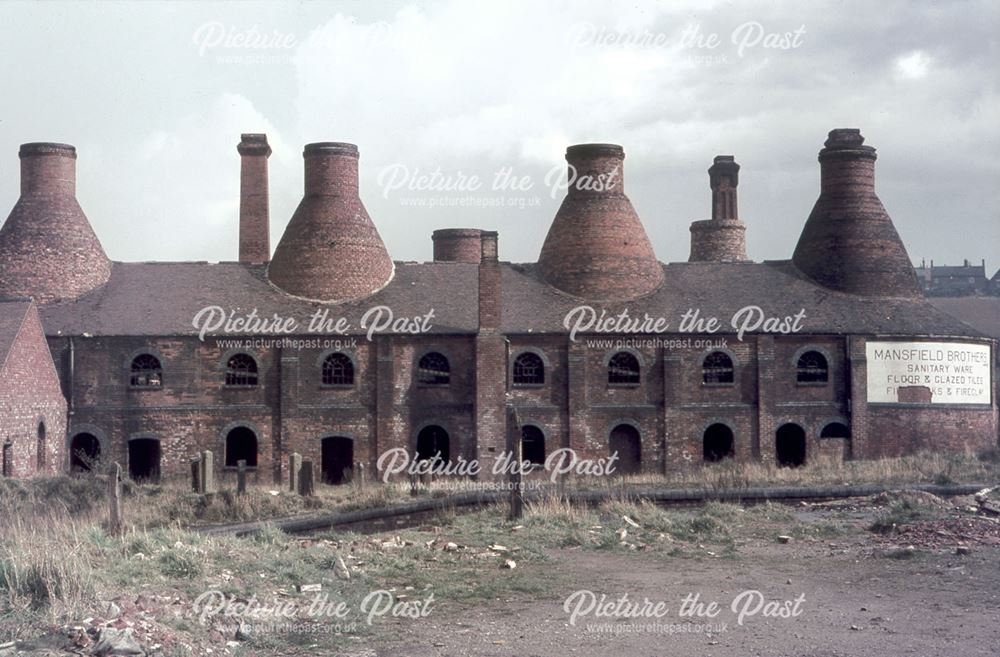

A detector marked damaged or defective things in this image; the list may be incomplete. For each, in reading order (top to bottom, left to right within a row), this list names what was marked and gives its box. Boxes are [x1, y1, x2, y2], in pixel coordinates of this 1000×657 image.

broken window [131, 356, 164, 386]
broken window [225, 354, 258, 384]
broken window [320, 354, 356, 384]
broken window [416, 354, 452, 384]
broken window [516, 354, 548, 384]
broken window [604, 354, 636, 384]
broken window [704, 348, 736, 384]
broken window [796, 348, 828, 384]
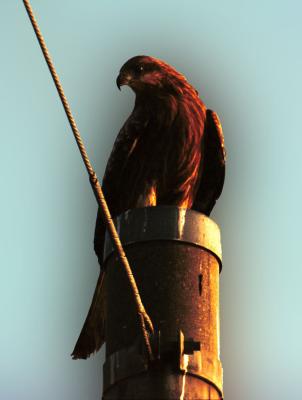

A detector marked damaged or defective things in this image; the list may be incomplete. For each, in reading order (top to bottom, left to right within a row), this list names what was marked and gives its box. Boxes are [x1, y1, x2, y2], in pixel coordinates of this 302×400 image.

rusty metal surface [101, 208, 222, 398]
rusty metal surface [103, 206, 222, 268]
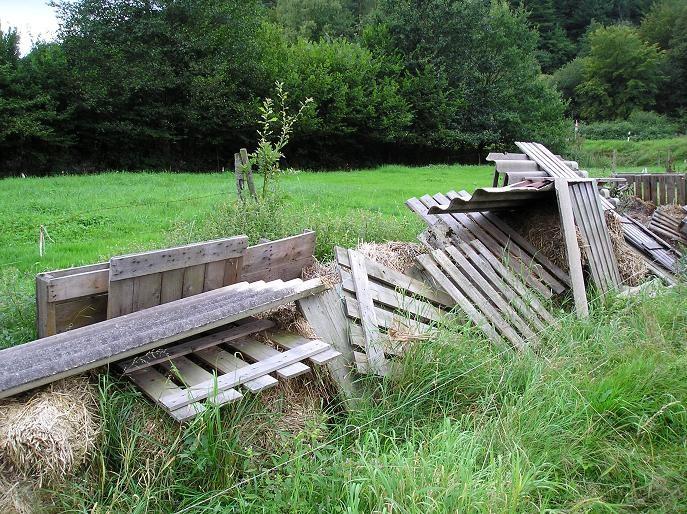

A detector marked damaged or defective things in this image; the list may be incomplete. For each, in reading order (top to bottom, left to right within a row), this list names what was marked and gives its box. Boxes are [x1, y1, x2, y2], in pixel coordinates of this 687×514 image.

broken wooden panel [0, 278, 328, 398]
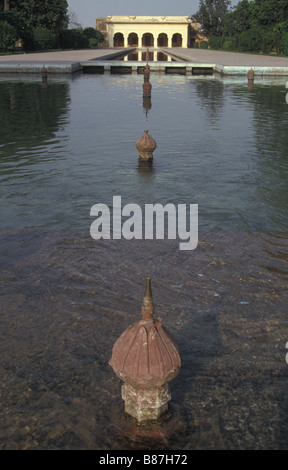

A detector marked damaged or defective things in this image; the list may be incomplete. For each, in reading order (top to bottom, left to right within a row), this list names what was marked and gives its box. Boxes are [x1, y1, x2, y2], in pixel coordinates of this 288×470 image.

rusted fountain finial [109, 280, 181, 422]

..........

* **What the task asks**
Each record above should be retyped exactly, with no pictures carried over.

* **Result of this task**
A detector marked damaged or defective things in this image; the list may be incomplete. For each, in reading order (top to bottom, left to right within a row), this list names what was marked and gives its box. Boxes are [x1, y1, x2, y2], in pixel coordinates of this 1000×657 image.

broken window [131, 356, 164, 386]
broken window [225, 354, 258, 384]
broken window [320, 354, 356, 384]
broken window [416, 354, 452, 384]
broken window [516, 354, 548, 384]
broken window [604, 354, 636, 384]
broken window [704, 348, 736, 384]
broken window [796, 348, 828, 384]

A detector marked damaged or defective things in this image; the list may be incomplete. For each, in reading order (top to bottom, left to right within a row), this list names what was marked and gives its box. Boxes are [x1, y1, x2, y2], in pixel coordinates of this 302×400 image.

rusty metal surface [101, 208, 222, 398]
rusty metal surface [103, 206, 222, 268]

A detector marked damaged or defective things in this image; the list may be incomplete. For each, in reading order (top to bottom, left to right within a row), this list names what was marked and gives its box. Boxes are [x1, y1, x2, y2], in pixel coordinates of this 687×514 image.

broken wooden panel [0, 278, 328, 398]

A detector marked damaged or defective things in this image; the list may be incomplete. For each, in reading order (top to bottom, left to right within a row), this list names what was marked and gives its box. Boxes are [x1, y1, x2, y2], in pixel coordinates of this 288×470 image.

rusted fountain finial [109, 280, 181, 422]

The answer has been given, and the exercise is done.